As he put it, the rocket was named "Super-Heavy Complex-3" or "Energiya-3" ("Energy-3"), the figures standing for the number of rocket modules at the first and second stages that will be, in fact, the Soyuz-5 medium-lift rockets.
Unlike the Energiya-5 version, capable of lifting about 100 tonnes (the payload needed for a rocket to be called super heavy-lift), its lightweight version will be capable of lifting about 68 to 72 tonnes into space (if the third stage is hydrogen-fueled) and will be a heavy-lift rocket.
It was earlier stated that the start of the new super-rocket’s design might be determined in the coming weeks and would last one and a half or two years. During this time, designers will have to determine the rocket design, its specifications and set out the tasks it may be used for. The document also states the head organization and cooperation on the rocket design.
The Roscosmos state corporation declined to comment on this information.
The first launch of the super-heavy carrier rocket was earlier reported for 2028, whereas its launch pad at the Vostochny Cosmodrome should be ready by 2027. The construction of the launch infrastructure will start after the launch pad for the Angara rocket is complete. As a source in the rocket and space industry said, the launch pad for the super-heavy rocket will be built using the principles implemented for the Energiya carrier rocket at the Baikonur Cosmodrome (site No. 250).
It will be the Universal Stand-Start Complex capable of launching both the Soyuz-5 medium-lift carrier rockets and groups of rockets which may consist of carriers with different payload, including the super-heavy rocket.

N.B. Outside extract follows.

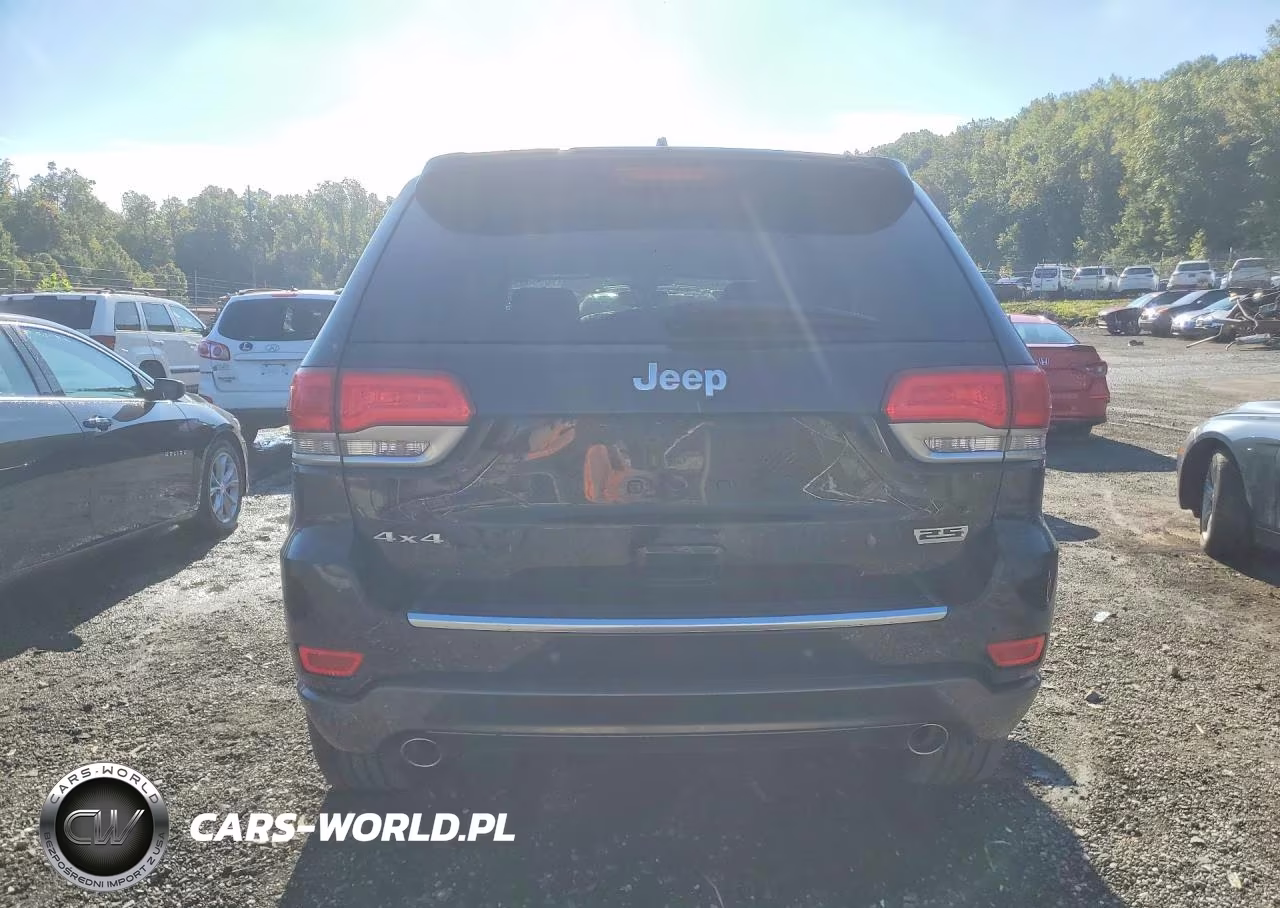 2018 Jeep Grand Cherokee Limited VIN:1C4RJFBG5JC135329 - 6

In 2016, Energiya Rocket and Space Corporation CEO Vladimir Solntsev presented at a Moscow conference his project of the Energiya-5V super-heavy carrier rocket designed for a manned lunar mission. As he put it, the liquid-hydrogen upper stage for the Angara-A5V carrier will be used in the super-heavy rocket’s design along with the first and second stages of the advanced Soyuz-5 medium-lift rocket.
The source told TASS later that Energiya had roughly designed two versions of rockets to be built: the Energiya-5V-PTK (liftoff mass of 2,368 tonnes) and the Energyia-5VR-PTK (liftoff mass of 2,346 tonnes).

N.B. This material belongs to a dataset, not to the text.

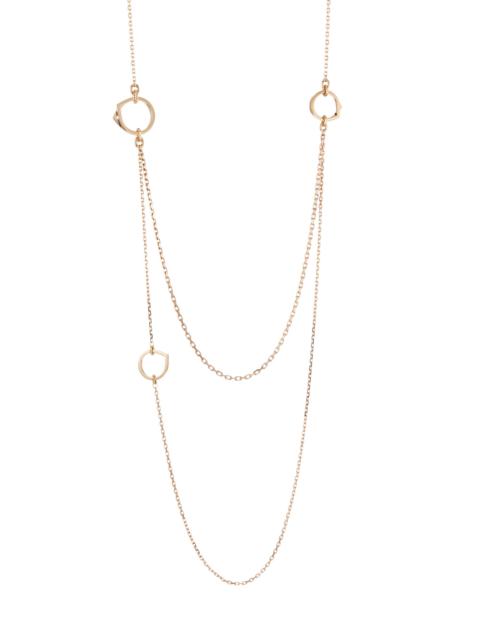 REPOSSI Women's Antifer Pink Gold Layered Necklace - Pink Gold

Both versions are capable of delivering about 100 tonnes of payload into low-earth orbit and 20.5 tonnes to lunar orbit - the estimated mass of the lunar version of the Federatsiya spacecraft. A lunar take-off and landing module can be mounted on a carrier rocket instead of a spacecraft. The Block DM space tug will be used to deliver the Federatsiya spacecraft or a lunar take-off and landing module to the Moon.
According to Roscosmos, the construction of the super-heavy rocket and its infrastructure at the Vostochny Cosmodrome will cost 1.5 trillion rubles ($25 billion). The corporation earlier stated that there was no need to urge the construction of the super-heavy carrier rocket as no payloads were available for it.
According to the Energiya Rocket and Space Corporation, the development of the new Russian super-heavy carrier rocket will be 1.5 times cheaper than the re-production of the Soviet-era Energiya carrier.
The construction of the Energiya rocket and the Buran space shuttle, which were annually financed 1.3 bln rubles ($2.2 mln) by 1985, became the most ambitious program in the history of the domestic space rocket production. The Energiya was first launched on May 15, 1987 from the Baikonur Cosmodrome. It became the first Soviet rocket that used hydrogen fuel at the upper stage, as well as the most powerful domestic rocket.